COLUMN: Understanding A Big Heart Open To God
Published: Wednesday, October 23, 2013
Updated: Wednesday, October 23, 2013 20:10
There has been a whimsical comic circulating recently of Pope Francis with Pope Emeritus Benedict XVI in which the former attempts to order a pizza-hold-the-anchovies and within a matter of days the information has passed through so many people that it ends up being broadcast on television as the Pope’s historic declaration against fish consumption because it is now considered a sin. When I read this I chuckled—and I sighed, because it seems there has been considerable misunderstanding of many of the Pope’s recent quotes—whether in interviews, at appearances, or in his daily audiences.
The obvious, and perhaps most important, example of this misinterpretation of Francis has come with his August 2013 interview with Antonio Spadaro, S.J., editor-in-chief of La Civilta Cattolica. The interview was shared with several journals, including America, the Jesuit-sponsored, Catholic weekly in the U.S. As soon as the interview hit the English-speaking world, the pundits and populace alike started generating a number of implications.

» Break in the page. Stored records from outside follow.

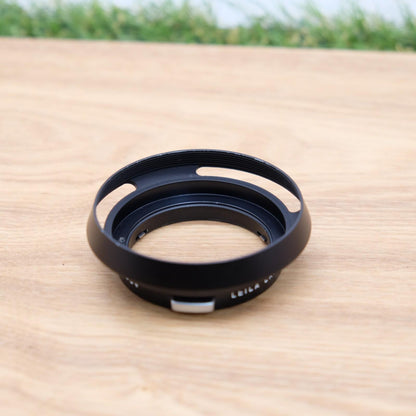 Leica 12504 35mm Lens Hood for M35 F1.4 and M35 F2.0 Black Japan [N Mint] #1147A
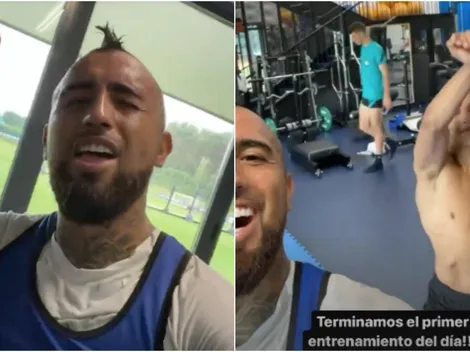 Vidal suda la gota gorda en el Inter y Alexis se saca los paso prohibidos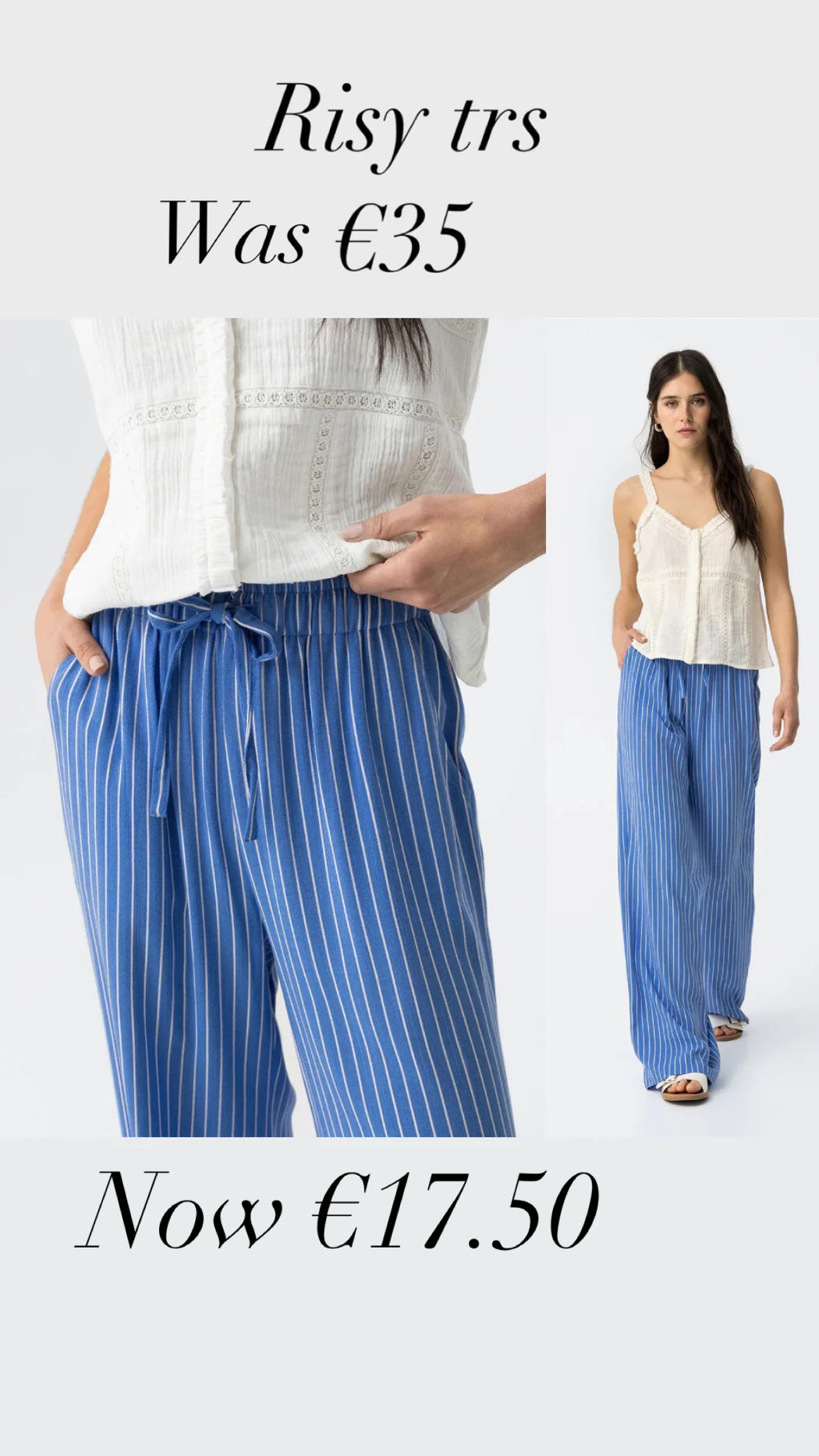 Risy stripe trousers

The New York Times ran the headline: “Pope Says Church Is ‘Obsessed’ With Gays, Abortion and Birth Control.” BBC Europe expressed their take similarly: “Pope Francis: Church too focused on gays and abortion.” Other groups, including NARAL Pro-Choice America and Human Rights Camapign (HRC), a civil rights organization devoted to the GLBTQ community, soon after the publication of the interview, posted on their Facebook pages or Twitter accounts images which read “Dear Pope Francis, Thank you. Signed, Pro-Choice Women/LGBT People Everywhere.”

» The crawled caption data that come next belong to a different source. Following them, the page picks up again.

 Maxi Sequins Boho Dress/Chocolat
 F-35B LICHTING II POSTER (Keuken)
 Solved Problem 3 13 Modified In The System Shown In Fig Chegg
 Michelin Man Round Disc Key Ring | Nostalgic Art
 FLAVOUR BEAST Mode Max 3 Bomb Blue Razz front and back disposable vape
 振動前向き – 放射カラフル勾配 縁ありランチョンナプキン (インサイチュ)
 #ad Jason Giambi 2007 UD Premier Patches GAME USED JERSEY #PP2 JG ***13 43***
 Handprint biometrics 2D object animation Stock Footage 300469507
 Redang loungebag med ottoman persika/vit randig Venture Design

These reactions, while not unsurprising, do not necessarily grasp the whole of the situation. Some of the publications expressed the qualification that Francis has in fact not altered Church doctrine or policy, but others offer the idea that what we have with the pope might signal Church transformation of some sort or another.
But His Holiness has more than once called himself “a son of the Church,” and stressed that what the Church teaches, he believes and practices.

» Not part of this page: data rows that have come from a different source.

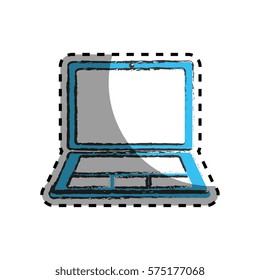 laptop computer isolated icon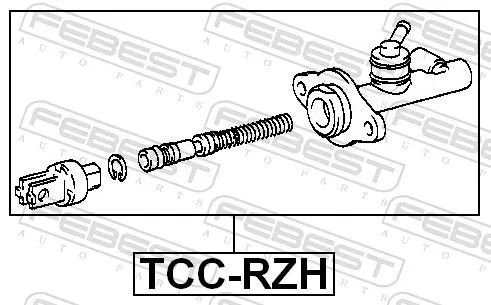 FEBEST Master Cylinder, clutch (TCC-RZH)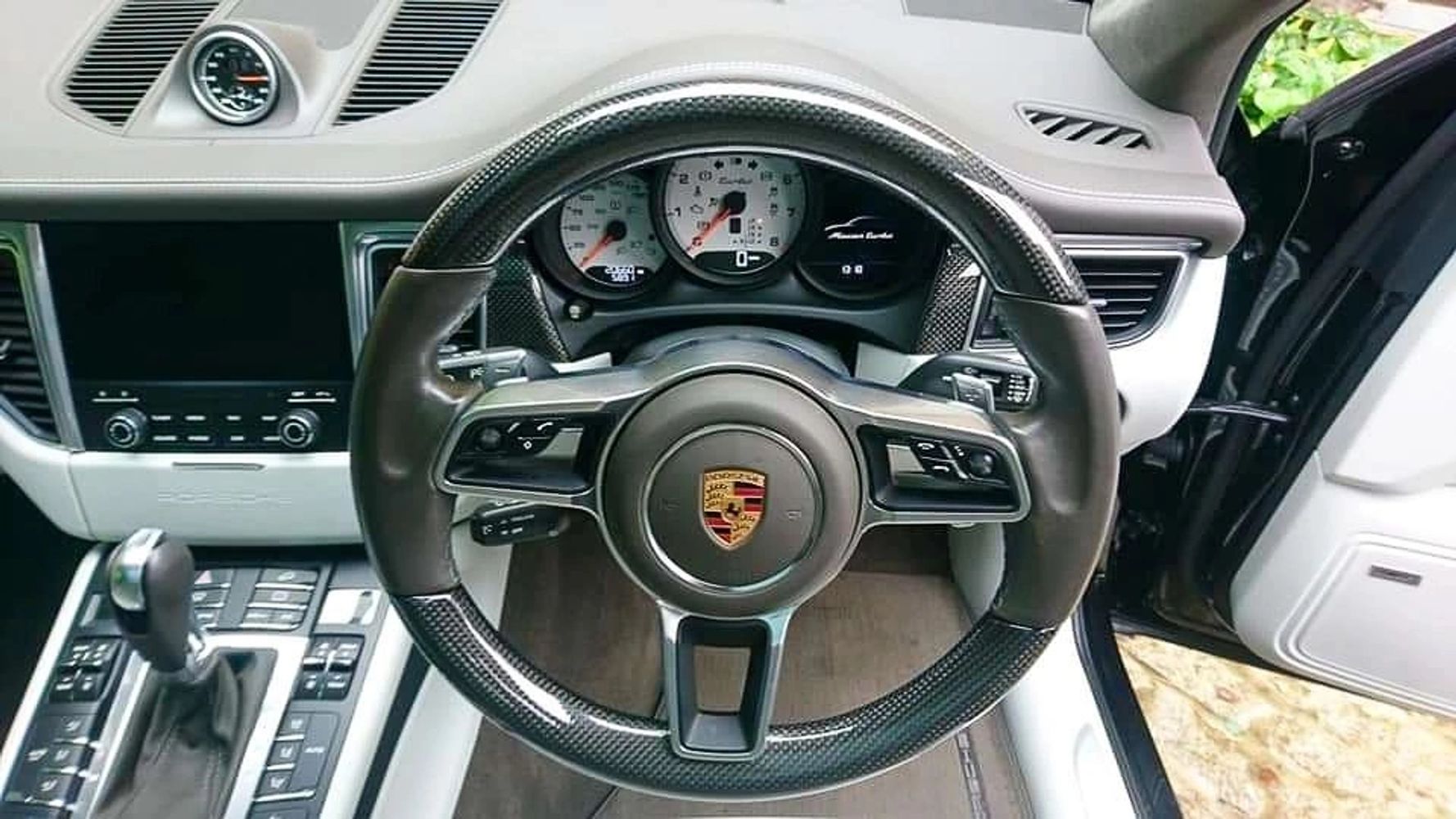 Clean Porsche interior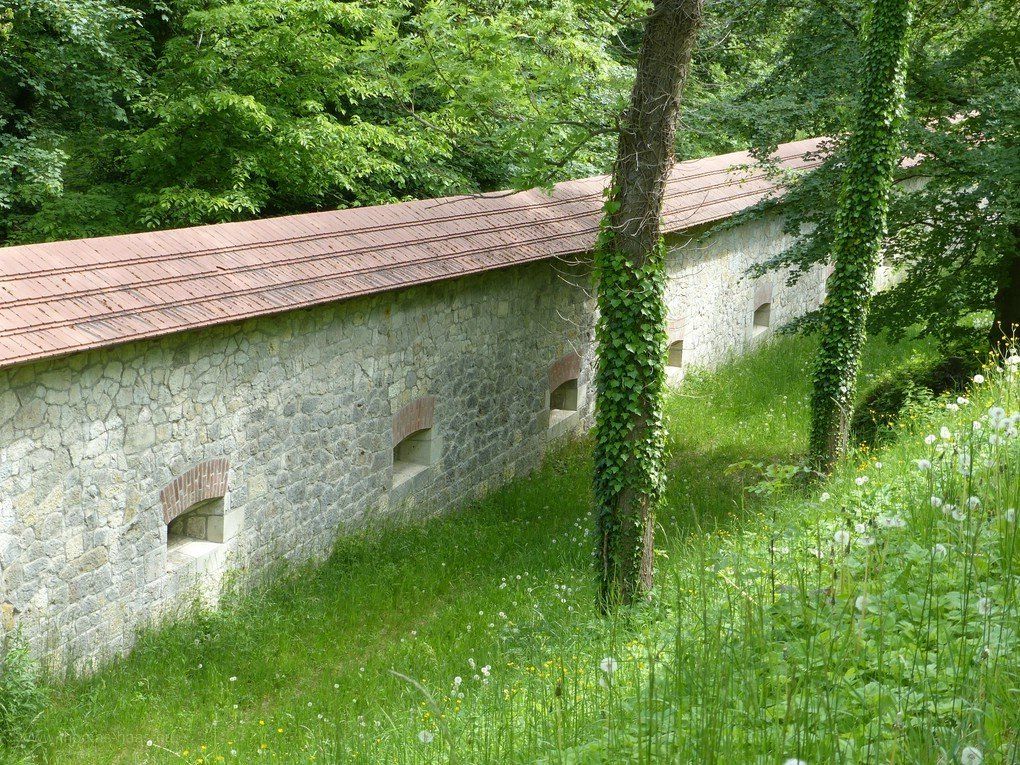 Bundesestung Ulm, Anschlusslinie, Wilhelmsburg, Ulm Escarpe, Bundesfestung Ulm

That being said, I think Human Rights Campaign was correct when they said Francis was reflecting a “tone” required of the Church regarding the many hot-button issues today. That is, the pope, while not changing Church teaching or Church law, is repeatedly stressing the fundamental nature of the faith. He refers to himself as a “sinner whom the Lord has looked upon” and he repeatedly stresses the need for mercy and compassion: “I dream of a church that is a mother and shepherdess. The church’s ministers must be merciful…” He even created a word, the gerund misericordiando [“mercy-ing”], to describe the Lord’s loving sight of Matthew when He called him into service (see the Homilies of Bede the Venerable in Matthew 9:9). All of this is to say that Francis has created great appeal for the faith. He is, in a very real way, a pastor. He seems almost grandfatherly in his speech and manner. And when he preaches, he speaks from his love of the Lord, of his faith, and his Church. Such radiant love generates the radiant joy precipitating about his papacy. Professor Boyd Coolman of the theology department offered an insightful investigation into the inspiration behind the pope’s many recent comments. He cited Francis’s many references to mercy and joy especially. In fact, His Holiness, in a recent September Angelus, said, “The joy of God is forgiving, the joy of God is forgiving! … Here is the entire Gospel! Here! The whole Gospel, all of Christianity, is here!” And this idea very well creates the foundation of the pope’s vocation, indeed, of his very Christian life! Such a life is what Coolman thinks is Francis’s particular modality for Christian existence—a “winsome orthodoxy,” that is, a “pleasant” or “appealing orthodoxy.”
Unpacking this “tone,” as HRC calls it, or this “mode,” as Coolman describes it, is a project left for intelligent theologians and very holy people. After hearing Coolman share his insights about Francis, I turned to a fellow and said, “Within our lifetime, there will be whole commentaries on the pope’s theology.” It was a joke, of course, but I was attempting to make a point. The pope has not spoken extensively about every important issue facing the church today, and many of his speeches, audiences, and interviews are offered in that grandfatherly, conversational way. That is to say, if already people are attempting to interpret the meaning of his words, what more will come when a “theology of Francis I” is desired for understanding his papacy and the Church under his pastoral care?
Rev. Robert Imbelli, a priest of the Archdiocese of New York and a professor of theology at Boston College, wrote an enlightening response, “An Ongoing Conversation,” to the Holy Father’s interview which was published online on Sept. 24 by America. His questions for the pope highlight points in need of clarity and offer area for further discourse. But I very much appreciate his stress on the fact that the pope’s interview was a conversation (conversazione). He thinks “placing the pope’s remarks in the genre of conversation may serve as a better guide for their ongoing interpretation.” This, I think, is the tone, the mode of which we have spoken. Francis’s theology is orthodoxy, and his love is genuine love born of the love of Christ, but his tone, his mode of discourse, and interaction is conversational. He is, I think, a grandfather who wants to share a story with you. And you are left among yourselves to figure out each facet of the story.